View other resources for improving your mental health:
10 Great Tips for Dealing With Depression in College
30 Best Self-Improvement Books for Those With Depression
5 Documentaries About Mental Illness
Top 10 Podcasts Exploring Mental Health
Mental Health Tips for Returning to Normalcy Post-Covid
Frequently Asked Questions
Are stress and anxiety the same thing?
No. Stress often comes from a stressful situation that triggers it and typically goes away when the trigger is no longer present. Anxiety can be more persistent, usually stemming from frequent worry or fear.
What is the difference between meditation and relaxation?
Relaxation can come from any activity that helps you feel calmer, including meditation. Meditation is an act of relaxation that requires mindfulness to reap its benefits.

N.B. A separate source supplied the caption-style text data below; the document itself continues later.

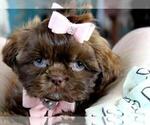 Small #2 Shih Tzu
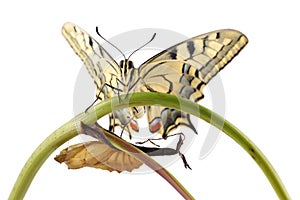 Old World Swallowtail Papilio machaon butterfly perched on a branch next to the cocoon from which they hatched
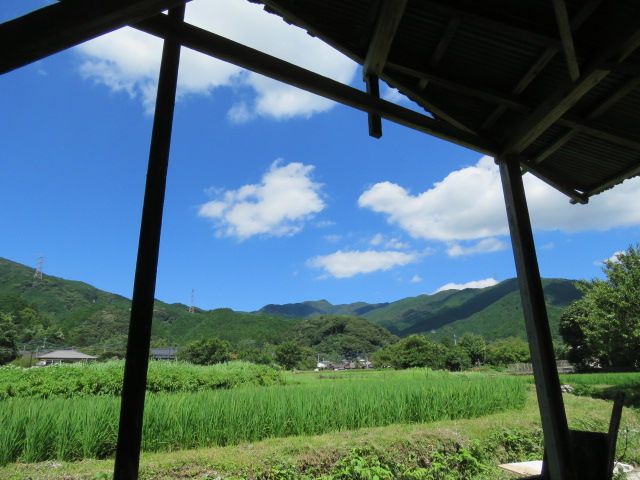 工房からの眺めです。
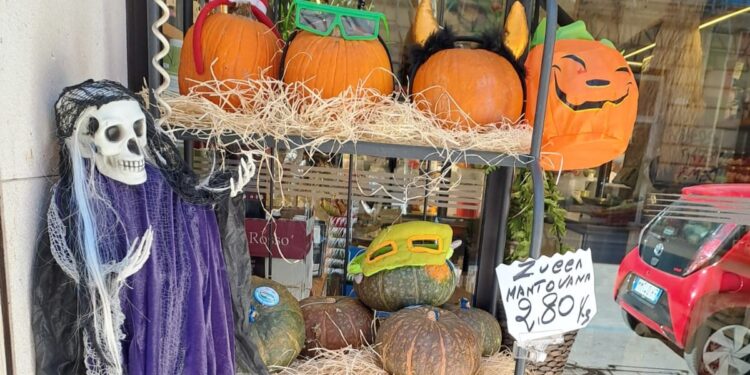 Halloween Zucca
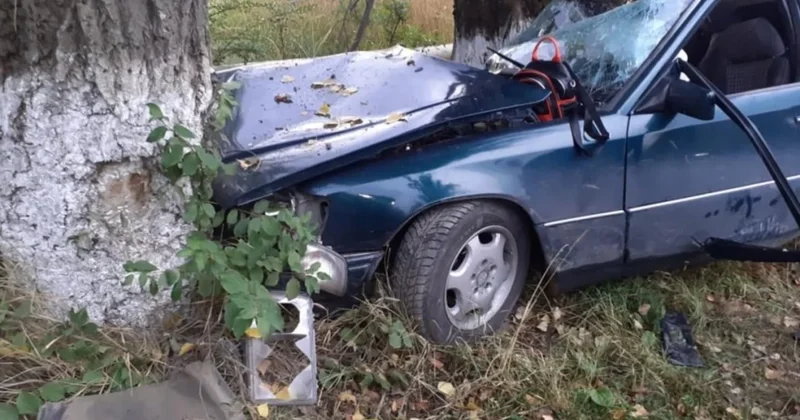 В Шеки автомобиль врезался в дерево, есть погибший и пострадавшие
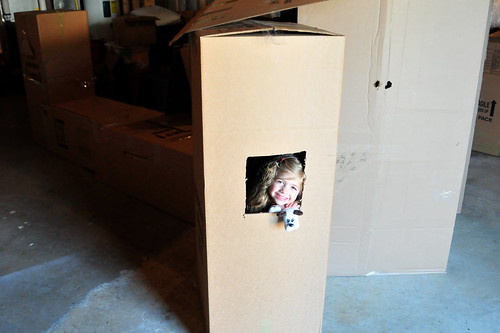 the box fort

Practicing regular meditation may lead to better anxiety and stress control.
How long should I meditate for the first time?
Learning how to meditate takes time. It's best to start meditating for short intervals, like five minutes. Doing so allows you to practice meditating and relaxing your mind before moving into longer meditation sessions.
What relaxation techniques are best for anxiety?
Any activity that helps you feel relaxed when you are anxious is best. Meditation can promote a state of relaxation. Other stress reduction techniques include yoga, massage, deep breathing, or art therapy.